I am trying to write a numpy.ndarray as the labels for Amazon Sagemaker's conversion tool: write_numpy_to_dense_tensor(). It converts a numpy array of features and labels to a RecordIO for better use of Sagemaker algorithms.
However, if I try to pass a multilabel output for the labels, I get an error stating it can only be a vector (i.e. a scalar for every feature row).
Is there any way of having multiple values in the label? This is useful for multidimensional regressions which can be achieved with XGBoost, Random Forests, Neural Networks, etc.
Code
import sagemaker.amazon.common as smac
print("Types: {}, {}".format(type(X_train), type(y_train)))
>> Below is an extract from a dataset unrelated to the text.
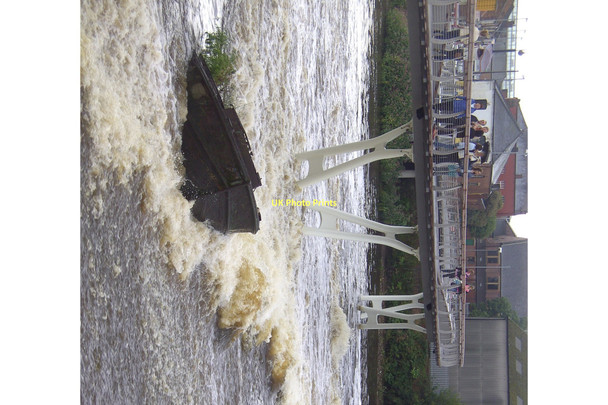 Photo 6"x4" sunken barge at Castleford weir footbridge Castleford c2007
print("X_train shape: {}".format(X_train.shape))
print("y_train shape: {}".format(y_train.shape))
f = io.BytesIO()
smac.write_numpy_to_dense_tensor(f, X_train.astype('float32'), y_train.astype('float32'))
Output:
Types: <class 'numpy.ndarray'>, <class 'numpy.ndarray'>
X_train shape: (9919, 2684)
y_train shape: (9919, 20)
---------------------------------------------------------------------------
ValueError Traceback (most recent call last)
<ipython-input-14-fc1033b7e309> in <module>()
3 print("y_train shape: {}".format(y_train.shape))
4 f = io.BytesIO()
----> 5 smac.write_numpy_to_dense_tensor(f, X_train.astype('float32'), y_train.astype('float32'))
~/anaconda3/envs/python3/lib/python3.6/site-packages/sagemaker/amazon/common.py in write_numpy_to_dense_tensor(file, array, labels)
94 if labels is not None:
95 if not len(labels.shape) == 1:
---> 96 raise ValueError("Labels must be a Vector")
97 if labels.shape[0] not in array.shape:
98 raise ValueError("Label shape {} not compatible with array shape {}".format(
ValueError: Labels must be a Vector
Tom, XGBoost does not support RecordIO format. It only supports csv and libsvm. Also, the algorithm itself doesn’t natively support multi-label. But there are a couple of ways around it: Xg boost for multilabel classification?
Random Cut Forest does not support multiple labels either. If more than one label is provided it picks up the first only.